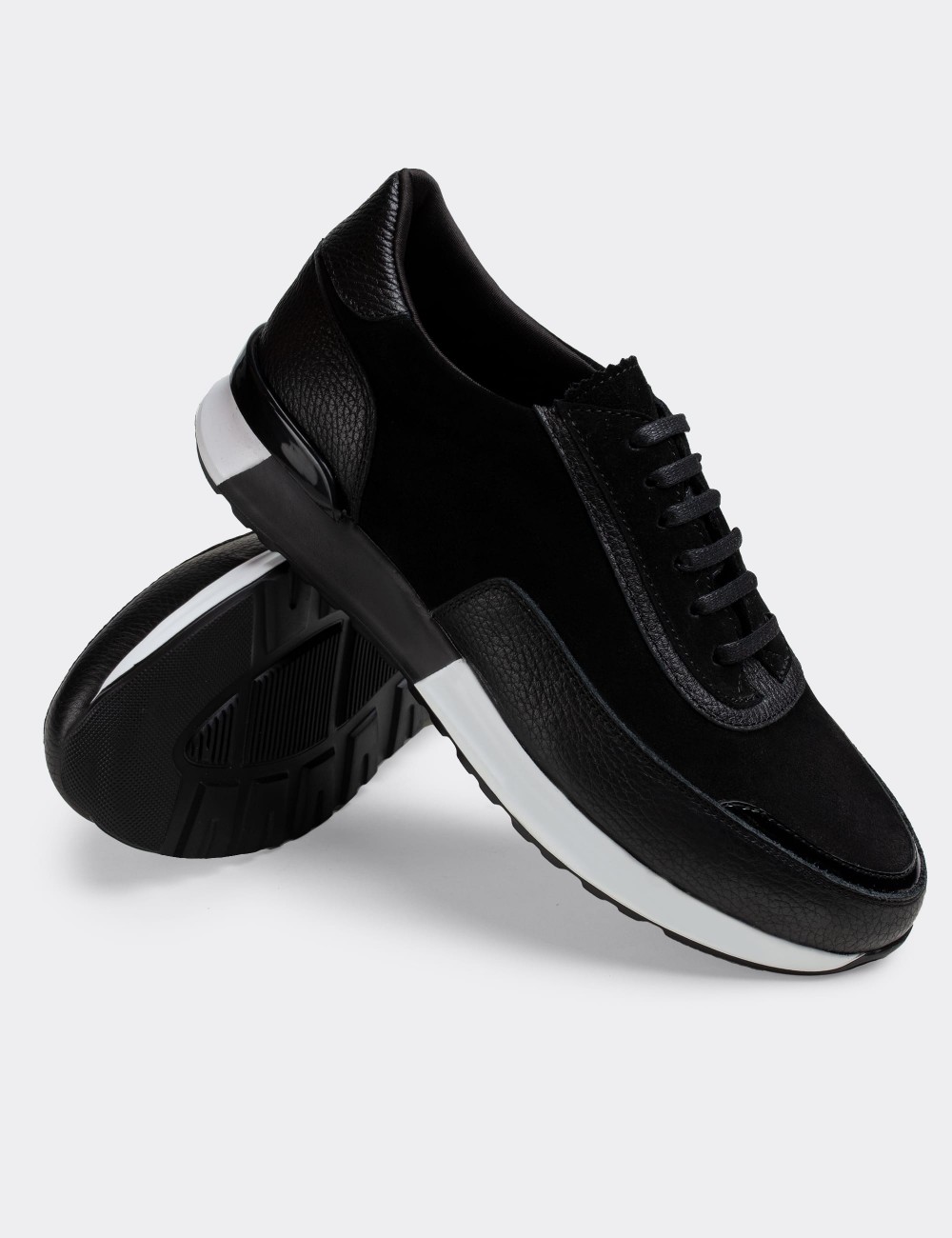 Black Suede Leather Sneakers - 01819MSYHE02
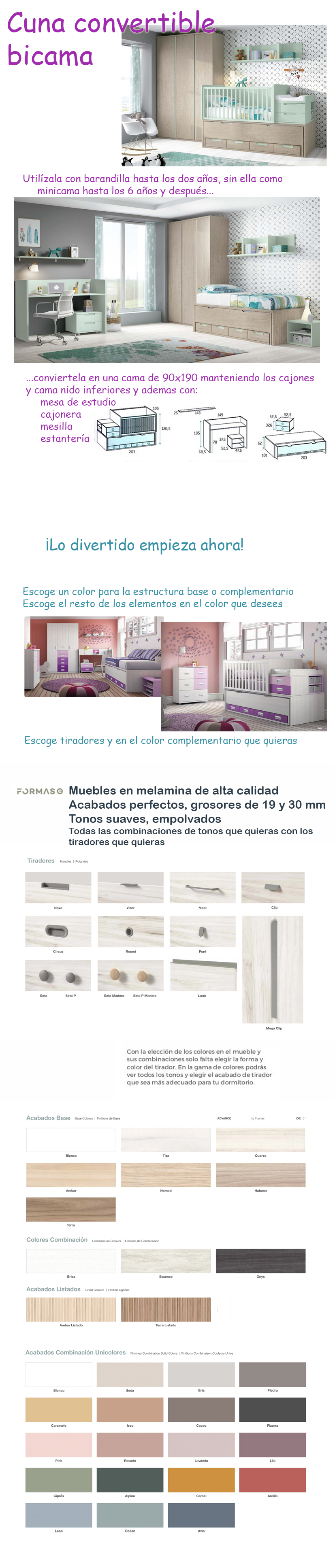 Formas cuna convertible bicama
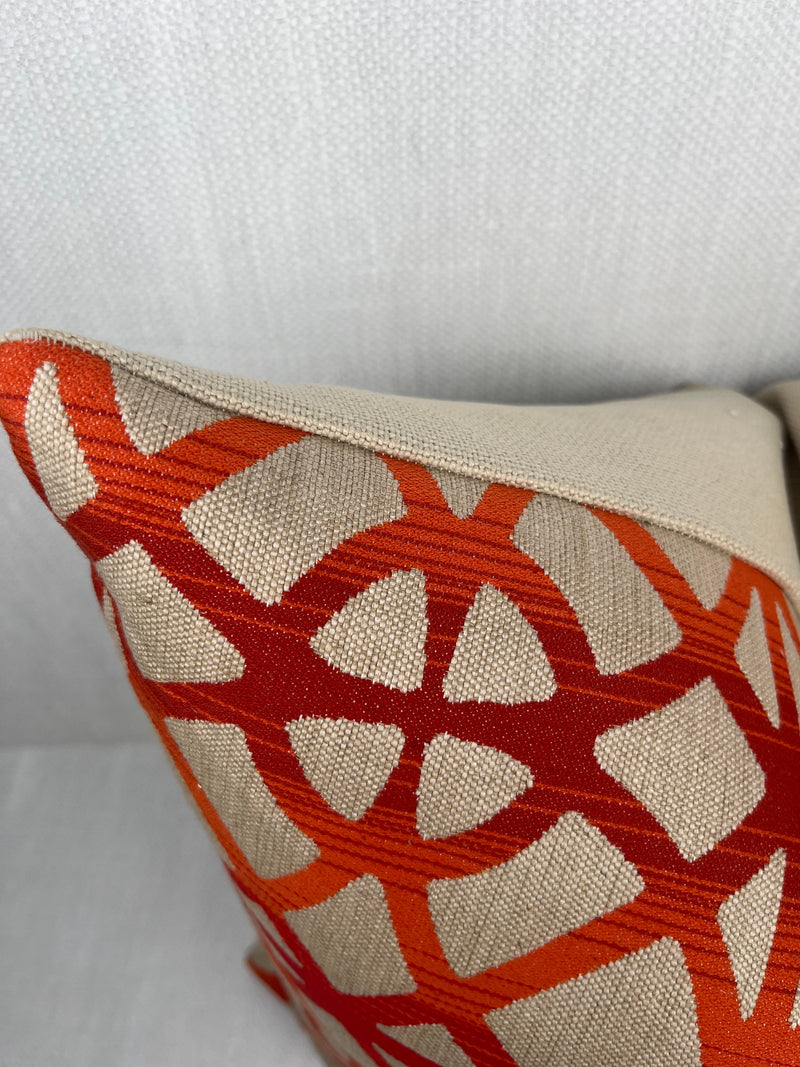 Scarlett Orange and Red Geometric Pillow Cover – view 2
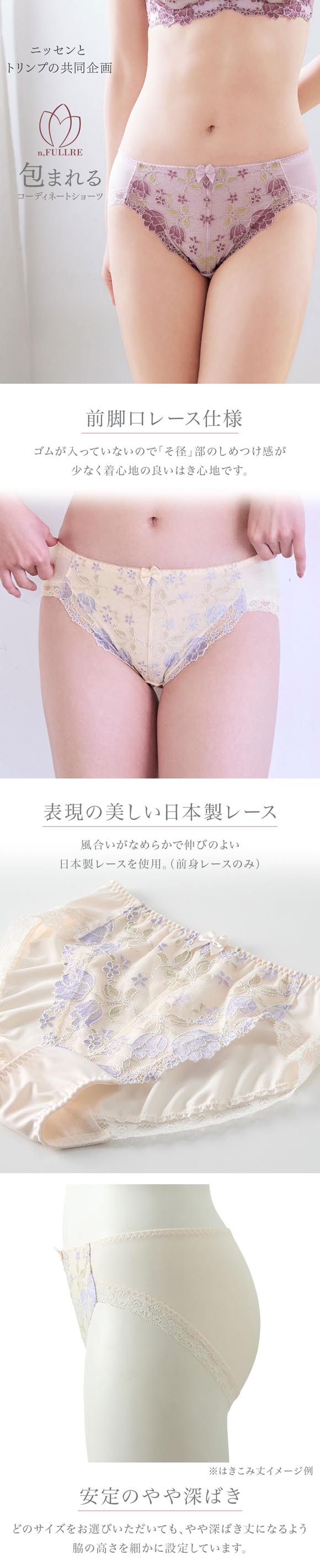 【ニッセンとトリンプ共同企画】チューリップ柄 ペア やや深ばき丈 ノーマル LL 3L 大きいサイズ エヌフルレ nissen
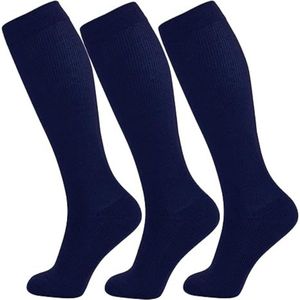 Dairy 3 paar - Sportsokken - Kuitsokken tot over de knie - Hoge stretch sokken voor herfst en winter - Compressiesokken Vormgevende beensokken Europese stijl - Hardloopsokken (L/XL (maat 39-45)，Marineblauw)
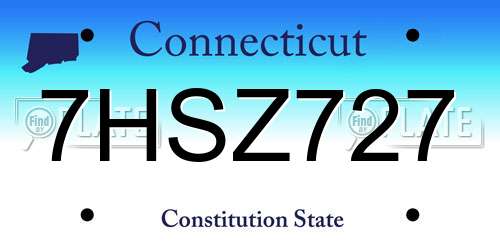 7HSZ727 Connecticut License Plate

(What you have to do): Take the line that contains "Formas cuna convertible bicama" and every line after it to the end of the records above; quote them exactly, leaving out the pictures.

(Response area):
 Formas cuna convertible bicama
 Scarlett Orange and Red Geometric Pillow Cover – view 2
 【ニッセンとトリンプ共同企画】チューリップ柄 ペア やや深ばき丈 ノーマル LL 3L 大きいサイズ エヌフルレ nissen
 Dairy 3 paar - Sportsokken - Kuitsokken tot over de knie - Hoge stretch sokken voor herfst en winter - Compressiesokken Vormgevende beensokken Europese stijl - Hardloopsokken (L/XL (maat 39-45)，Marineblauw)
 7HSZ727 Connecticut License Plate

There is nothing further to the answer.